Shortcuts

ModelInferenceAPI

class lightning_app.components.serve.serve.ModelInferenceAPI(input=None, output=None, host='127.0.0.1', port=7777, workers=0)[source]

Bases: lightning_app.core.work.LightningWork, abc.ABC

The ModelInferenceAPI Class enables to easily get your model served.

Parameters
  • input (Optional[str]) – Optional input to be provided. This would make provide a built-in deserializer.

  • output (Optional[str]) – Optional output to be provided. This would make provide a built-in serializer.

  • host (str) – Address to be used to serve the model.

  • port (int) – Port to be used to serve the model.

  • workers (int) – Number of workers for the uvicorn. Warning, this won’t work if your subclass takes more arguments.

abstract build_model()[source]

Override to define your model.

Return type

Any

configure_layout()[source]

Configure the UI of this LightningWork.

You can either

  1. Return a single Frontend object to serve a user interface for this Work.

  2. Return a string containing a URL to act as the user interface for this Work.

  3. Return None to indicate that this Work doesn’t currently have a user interface.

Example: Serve a static directory (with at least a file index.html inside).

from lightning_app.frontend import StaticWebFrontend


class Work(LightningWork):
    def configure_layout(self):
        return StaticWebFrontend("path/to/folder/to/serve")

Example: Arrange the UI of my children in tabs (default UI by Lightning).
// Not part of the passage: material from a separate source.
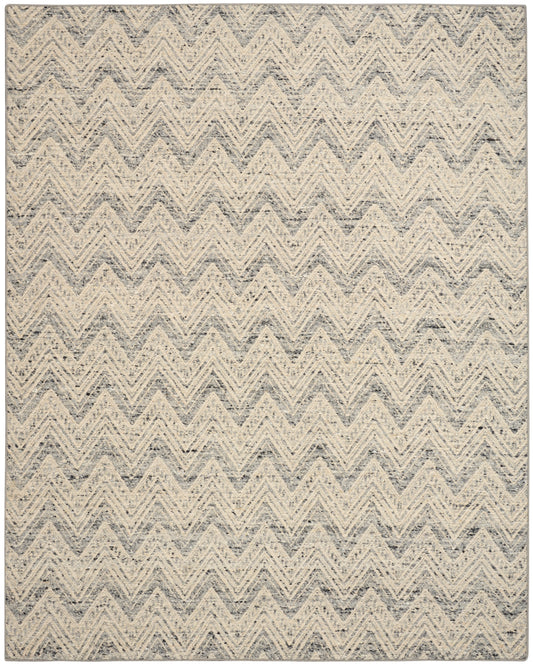 DKNY Pure Purl 8'6" x 11'6" Denim Ivory Modern Indoor Rug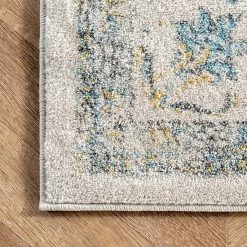 NuLOOM Traditional Medallion Verona Rug Blue -nuLOOM Sales Store unnamed file 191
class Work(LightningWork):
    def configure_layout(self):
        return [
            dict(name="First Tab", content=self.child0),
            dict(name="Second Tab", content=self.child1),
            dict(name="Lightning", content="https://lightning.ai"),
        ]

If you don’t implement configure_layout, Lightning will use self.url.

Note

This hook gets called at the time of app creation and then again as part of the loop. If desired, a returned URL can depend on the state. This is not the case if the work returns a Frontend. These need to be provided at the time of app creation in order for the runtime to start the server.

Return type

str

abstract predict(data)[source]

Override to add your predict logic.

Return type

Any

run()[source]

Override to add your own logic.

Raises

LightningPlatformException – If resource exceeds platform quotas or other constraints.